What is needed>
Find the line with "みかん 【2025年12月発送予約分】 ＼光センサー選別／農家直送" in the entries below, then output every line from it down to the line with "Cat Harness Leash", exactly and with no pictures.

..............................

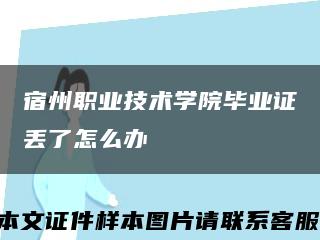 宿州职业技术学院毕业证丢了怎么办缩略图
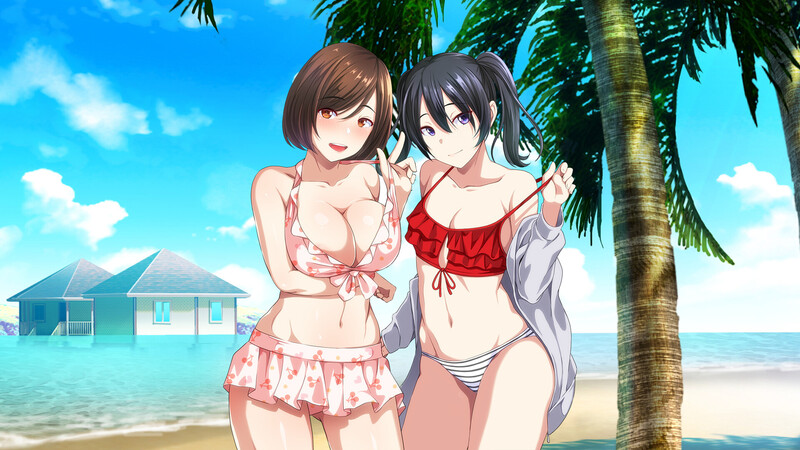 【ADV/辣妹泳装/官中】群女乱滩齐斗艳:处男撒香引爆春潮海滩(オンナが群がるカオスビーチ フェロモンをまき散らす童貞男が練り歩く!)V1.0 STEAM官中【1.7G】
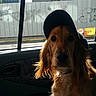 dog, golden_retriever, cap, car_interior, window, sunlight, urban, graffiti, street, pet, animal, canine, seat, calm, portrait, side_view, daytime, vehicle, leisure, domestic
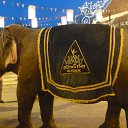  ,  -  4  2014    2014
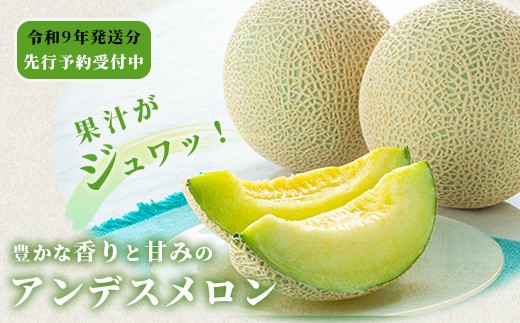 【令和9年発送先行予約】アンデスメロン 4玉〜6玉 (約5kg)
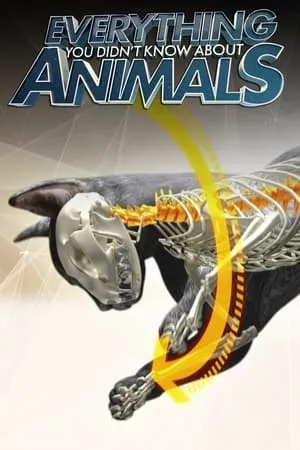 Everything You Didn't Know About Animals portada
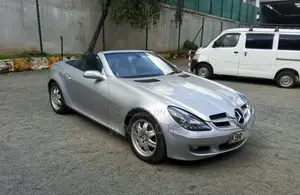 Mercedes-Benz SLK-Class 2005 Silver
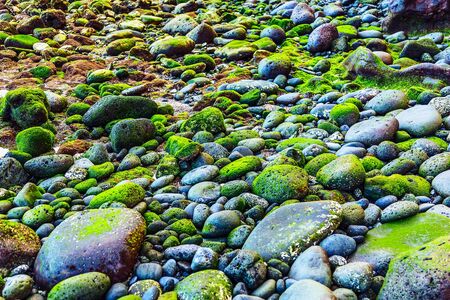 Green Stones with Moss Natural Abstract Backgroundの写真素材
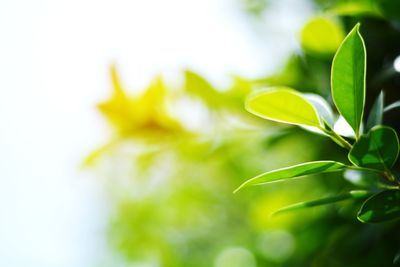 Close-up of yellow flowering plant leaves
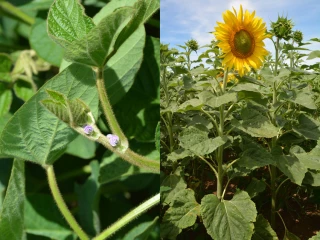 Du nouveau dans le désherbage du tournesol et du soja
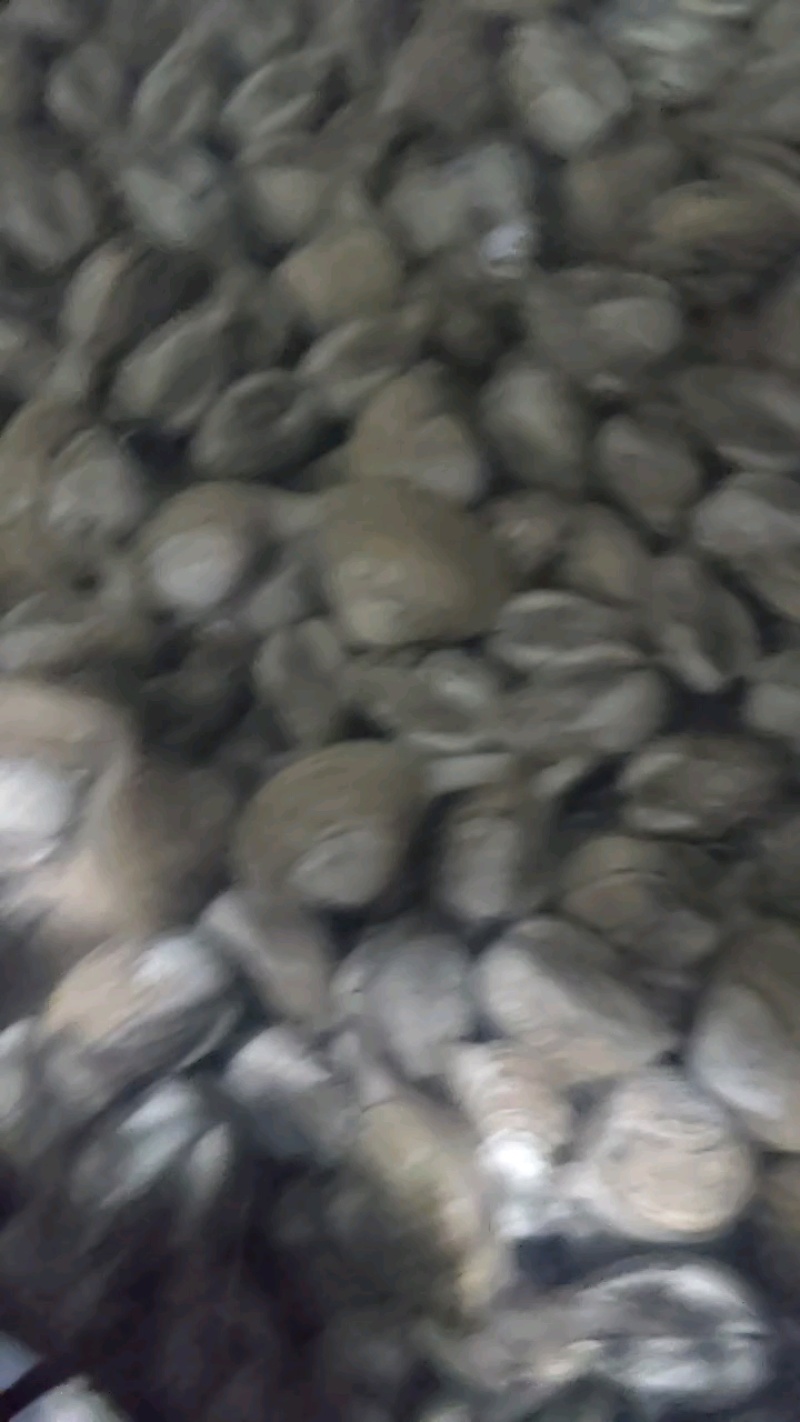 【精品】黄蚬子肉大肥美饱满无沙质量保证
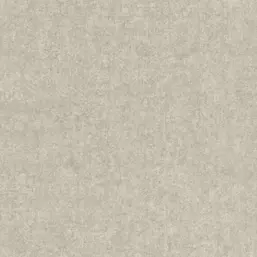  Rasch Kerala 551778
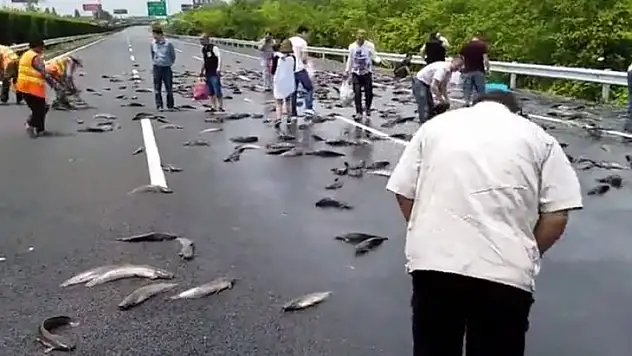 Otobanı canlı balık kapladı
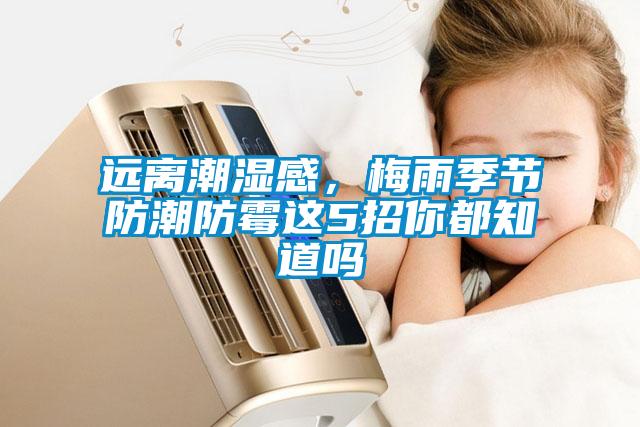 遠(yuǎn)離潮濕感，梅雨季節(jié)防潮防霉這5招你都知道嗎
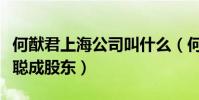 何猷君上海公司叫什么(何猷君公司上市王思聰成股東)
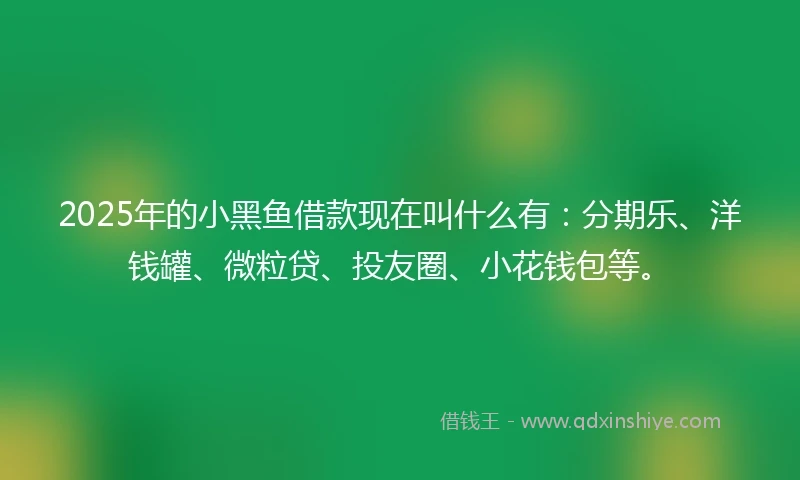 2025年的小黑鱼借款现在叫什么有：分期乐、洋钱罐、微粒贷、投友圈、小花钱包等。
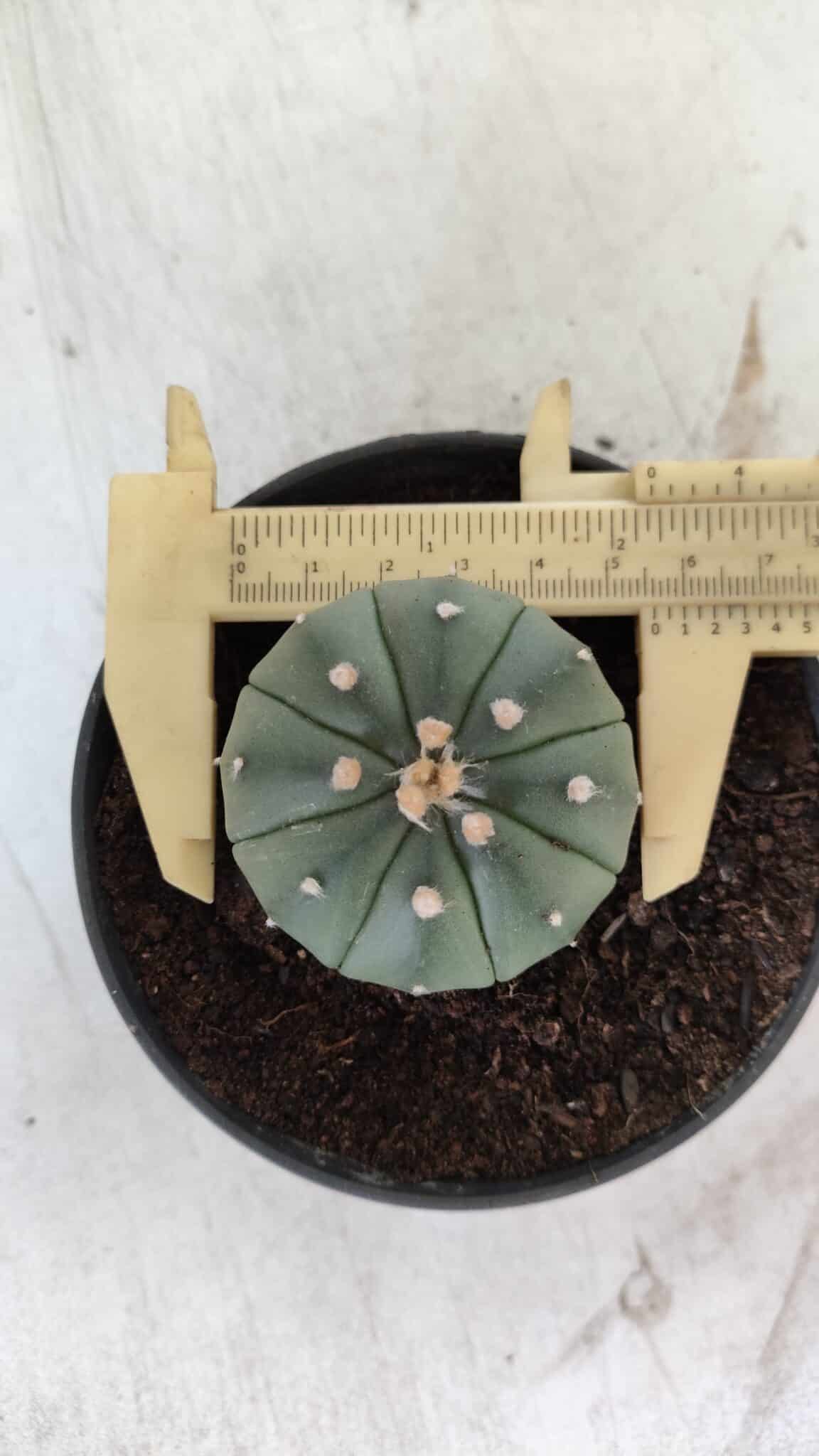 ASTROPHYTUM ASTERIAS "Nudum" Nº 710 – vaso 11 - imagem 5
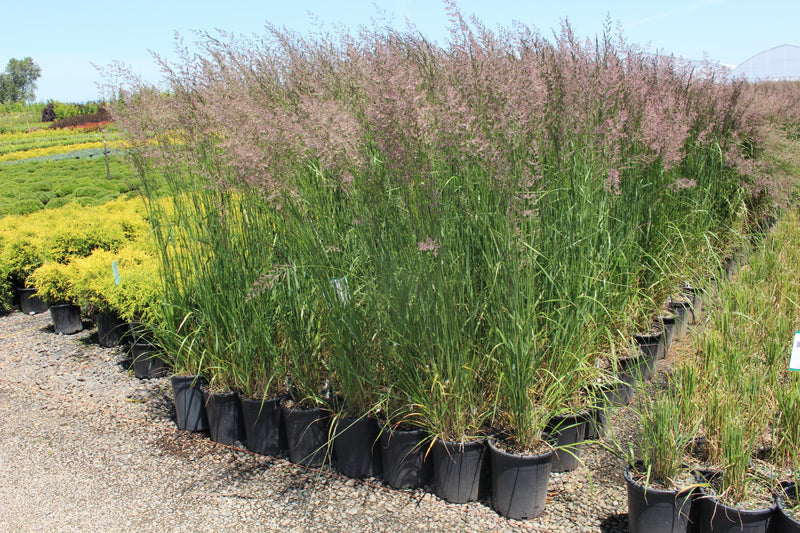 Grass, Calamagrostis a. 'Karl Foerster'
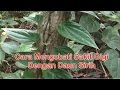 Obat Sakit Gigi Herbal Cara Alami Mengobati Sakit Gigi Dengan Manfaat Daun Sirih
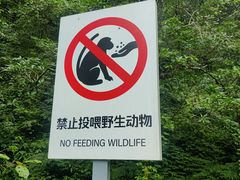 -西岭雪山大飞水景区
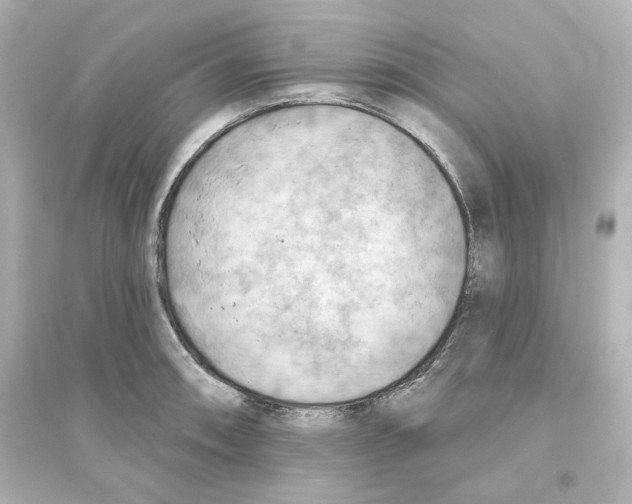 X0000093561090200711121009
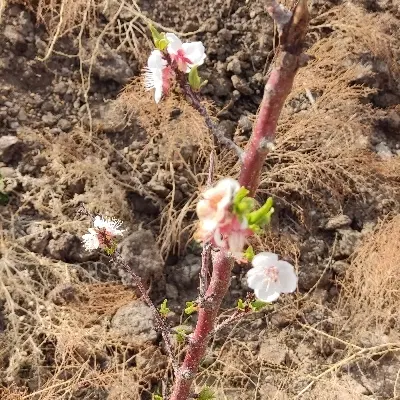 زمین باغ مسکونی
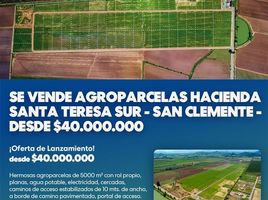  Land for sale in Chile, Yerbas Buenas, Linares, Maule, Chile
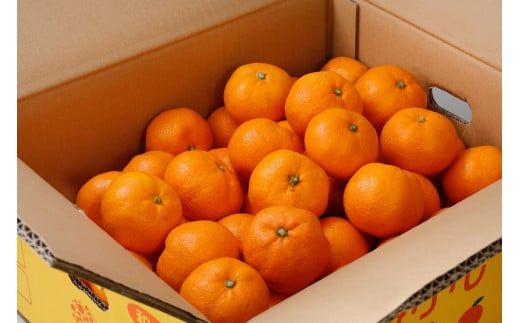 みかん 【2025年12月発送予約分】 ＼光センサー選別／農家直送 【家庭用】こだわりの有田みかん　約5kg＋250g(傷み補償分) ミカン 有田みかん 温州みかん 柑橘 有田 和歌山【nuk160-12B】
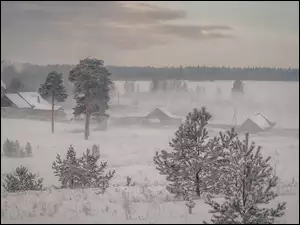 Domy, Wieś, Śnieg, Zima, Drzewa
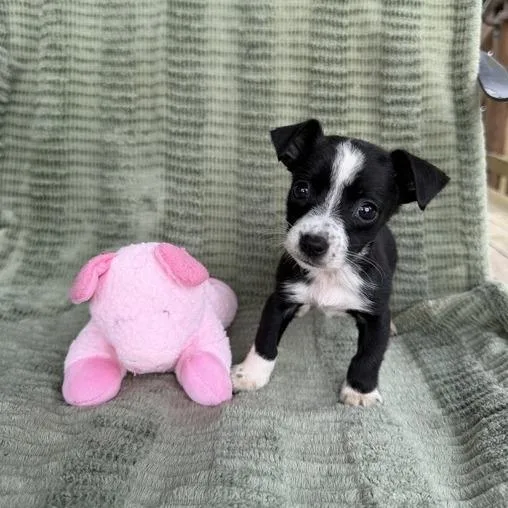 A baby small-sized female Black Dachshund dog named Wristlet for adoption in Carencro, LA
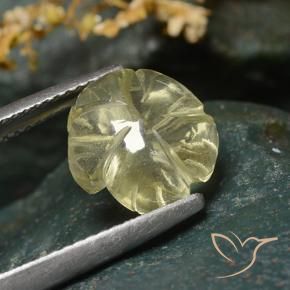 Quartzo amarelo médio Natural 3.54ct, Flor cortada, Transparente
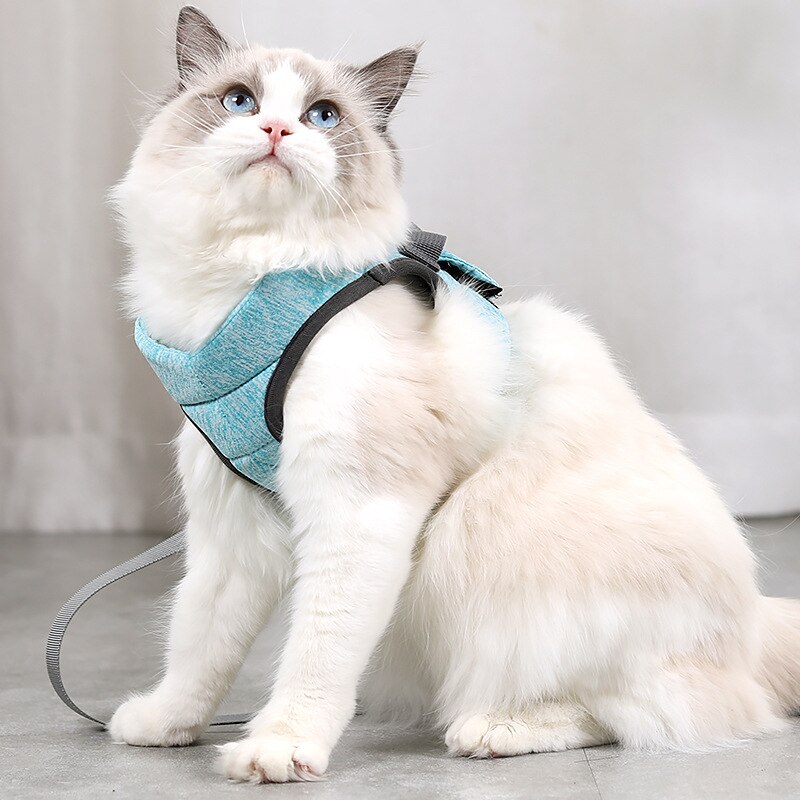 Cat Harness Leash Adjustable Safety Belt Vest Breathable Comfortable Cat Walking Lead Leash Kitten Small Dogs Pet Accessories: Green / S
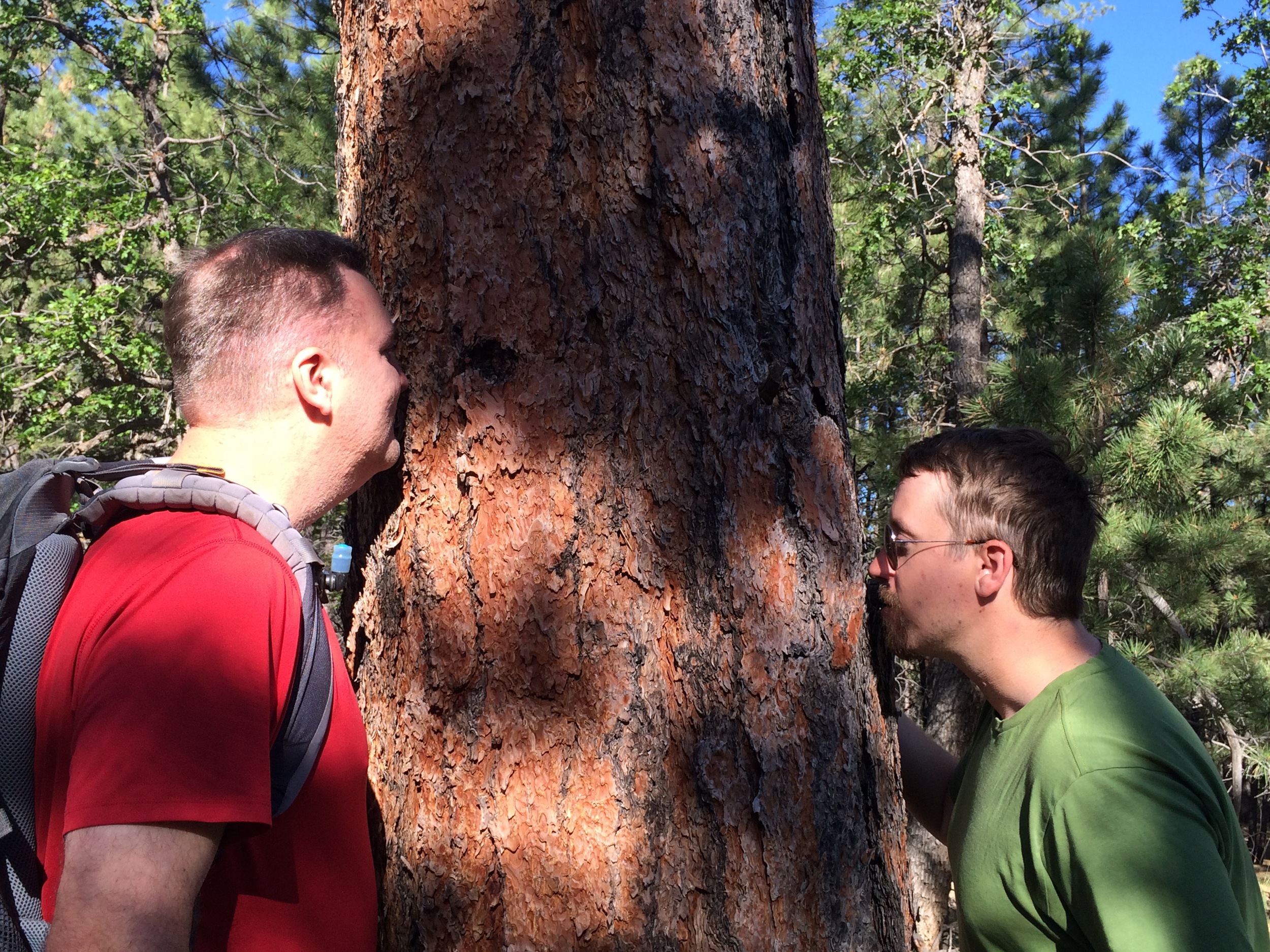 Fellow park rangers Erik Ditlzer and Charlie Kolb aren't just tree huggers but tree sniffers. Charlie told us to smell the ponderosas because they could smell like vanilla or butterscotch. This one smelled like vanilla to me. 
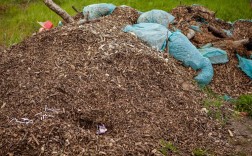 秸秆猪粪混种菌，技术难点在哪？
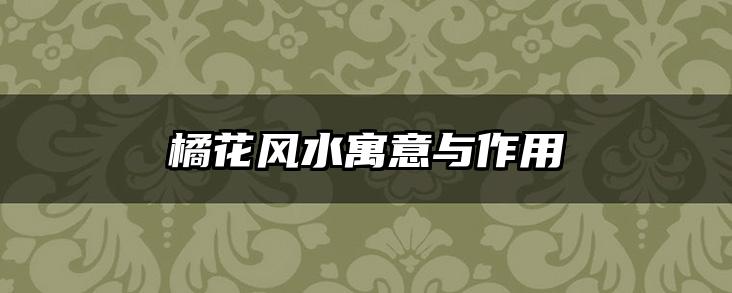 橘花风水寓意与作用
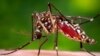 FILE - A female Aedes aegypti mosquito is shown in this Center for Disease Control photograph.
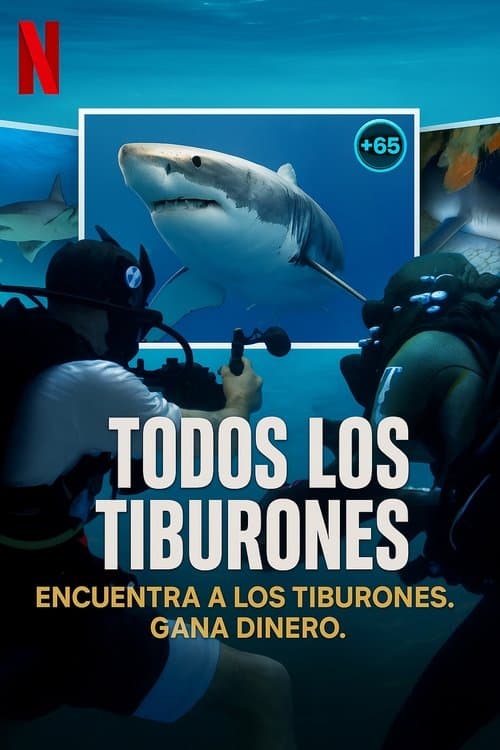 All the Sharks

..............................

Solved exercise>
 みかん 【2025年12月発送予約分】 ＼光センサー選別／農家直送 【家庭用】こだわりの有田みかん　約5kg＋250g(傷み補償分) ミカン 有田みかん 温州みかん 柑橘 有田 和歌山【nuk160-12B】
 Domy, Wieś, Śnieg, Zima, Drzewa
 A baby small-sized female Black Dachshund dog named Wristlet for adoption in Carencro, LA
 Quartzo amarelo médio Natural 3.54ct, Flor cortada, Transparente
 Cat Harness Leash Adjustable Safety Belt Vest Breathable Comfortable Cat Walking Lead Leash Kitten Small Dogs Pet Accessories: Green / S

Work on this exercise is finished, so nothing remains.